Naquela noite, depois do jantar, enquanto todos viam televisão na sala, fui até à cozinha buscar um copo de água. Encontrei a Dona Teresa a arrumar a loiça.
— Ana, sabes que gosto muito de ti, não sabes? — disse ela, sem me olhar nos olhos.
— Sei… — respondi, hesitante.
— Mas a Catarina está a passar uma fase difícil. O Pedro anda com pouco trabalho e ela tem os miúdos pequenos… Preciso de ajudar como posso.
Engoli em seco. Era sempre assim: havia sempre uma justificação para tudo. Mas nunca ninguém perguntava como é que eu estava. Eu também trabalhava horas a fio no hospital, também tinha contas para pagar, também queria sentir-me apoiada.
No regresso a casa, no carro, o silêncio era pesado. O Miguel olhava pela janela, perdido nos seus pensamentos. Não aguentei mais:
— Não vês o que se passa? Porque é que nunca dizes nada?
Ele suspirou:
— Ana, é sempre assim desde pequenos. A minha mãe sempre protegeu mais a Catarina. Eu já me habituei.
— Mas eu não me habituei! — explodi. — Sinto-me uma estranha nesta família! Fazemos tudo por eles e nunca somos reconhecidos!
O Miguel ficou calado. Senti-me sozinha como nunca.
Os meses passaram e as visitas à aldeia tornaram-se cada vez mais penosas. Cada vez que chegávamos, sentia-me menos bem-vinda. A Catarina engravidou novamente e as atenções redobraram-se sobre ela. A sogra organizou um chá de bebé luxuoso; para mim, quando engravidei do nosso primeiro filho, houve apenas um bolo seco e parabéns apressados.
Comecei a evitar as visitas. Inventava turnos extra no hospital ou dizia que estava cansada. O Miguel ia sozinho e voltava ainda mais calado.

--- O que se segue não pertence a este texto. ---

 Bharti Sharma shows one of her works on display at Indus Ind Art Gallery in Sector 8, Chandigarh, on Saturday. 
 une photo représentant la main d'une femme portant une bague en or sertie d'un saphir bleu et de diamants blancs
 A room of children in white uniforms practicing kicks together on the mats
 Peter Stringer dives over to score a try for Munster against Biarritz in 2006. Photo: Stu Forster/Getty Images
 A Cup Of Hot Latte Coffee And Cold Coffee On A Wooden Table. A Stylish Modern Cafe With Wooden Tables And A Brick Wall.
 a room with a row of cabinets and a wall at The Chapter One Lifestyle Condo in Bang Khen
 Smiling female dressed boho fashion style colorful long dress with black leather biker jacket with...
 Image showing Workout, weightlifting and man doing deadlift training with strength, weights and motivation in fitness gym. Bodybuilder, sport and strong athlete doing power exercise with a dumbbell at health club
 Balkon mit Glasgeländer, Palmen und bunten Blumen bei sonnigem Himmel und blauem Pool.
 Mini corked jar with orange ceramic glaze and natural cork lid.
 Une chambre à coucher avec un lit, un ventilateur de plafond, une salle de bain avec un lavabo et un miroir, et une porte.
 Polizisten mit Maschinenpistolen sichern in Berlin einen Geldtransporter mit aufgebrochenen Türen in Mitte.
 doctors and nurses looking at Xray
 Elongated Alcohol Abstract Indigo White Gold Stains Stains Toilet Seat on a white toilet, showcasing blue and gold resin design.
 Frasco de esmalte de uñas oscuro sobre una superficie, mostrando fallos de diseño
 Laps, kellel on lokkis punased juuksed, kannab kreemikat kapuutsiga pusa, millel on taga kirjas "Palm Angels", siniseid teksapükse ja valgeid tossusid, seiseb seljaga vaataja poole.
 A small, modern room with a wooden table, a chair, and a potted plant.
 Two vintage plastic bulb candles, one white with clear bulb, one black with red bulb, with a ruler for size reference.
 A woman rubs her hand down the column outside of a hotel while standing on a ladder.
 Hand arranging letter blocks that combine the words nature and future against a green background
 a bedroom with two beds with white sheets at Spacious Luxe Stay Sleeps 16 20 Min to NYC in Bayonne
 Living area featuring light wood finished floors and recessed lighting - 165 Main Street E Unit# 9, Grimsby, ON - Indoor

Uma noite, depois de mais uma discussão sobre o assunto, ele desabafou:
— Sinto-me dividido. És tu ou a minha família… Não sei o que fazer.
— Não te peço para escolheres — respondi, com lágrimas nos olhos. — Só quero sentir que também pertenço a esta família.
O tempo foi passando e o ressentimento crescia dentro de mim como uma erva daninha. Até que um dia recebi uma chamada inesperada da Dona Teresa:
— Ana… podes vir cá? Preciso de falar contigo.
Fui contrariada, mas curiosa. Quando cheguei, encontrei-a sentada à mesa da cozinha, com os olhos vermelhos.
— A Catarina… foi embora com os miúdos. O Pedro traiu-a — disse ela, num sussurro.
Senti pena dela — da Catarina e da sogra — mas também uma estranha sensação de justiça poética. Pela primeira vez em anos, Dona Teresa olhou para mim como se realmente me visse.
— Desculpa se alguma vez te fiz sentir menos importante — murmurou ela. — Nunca foi minha intenção…
Ficámos ali sentadas em silêncio. Pela primeira vez senti que talvez houvesse espaço para mim naquela família.
O Miguel entrou na cozinha e olhou para nós duas:
— Está tudo bem?
Olhei para ele e depois para Dona Teresa:
— Talvez agora esteja a começar a ficar.
Hoje olho para trás e pergunto-me: quantas famílias vivem presas nestes ciclos de favoritismo e ressentimento? Será possível quebrar este padrão sem perdermos quem somos? E vocês… já sentiram que nunca pertenciam verdadeiramente ao lugar onde mais desejavam ser aceites?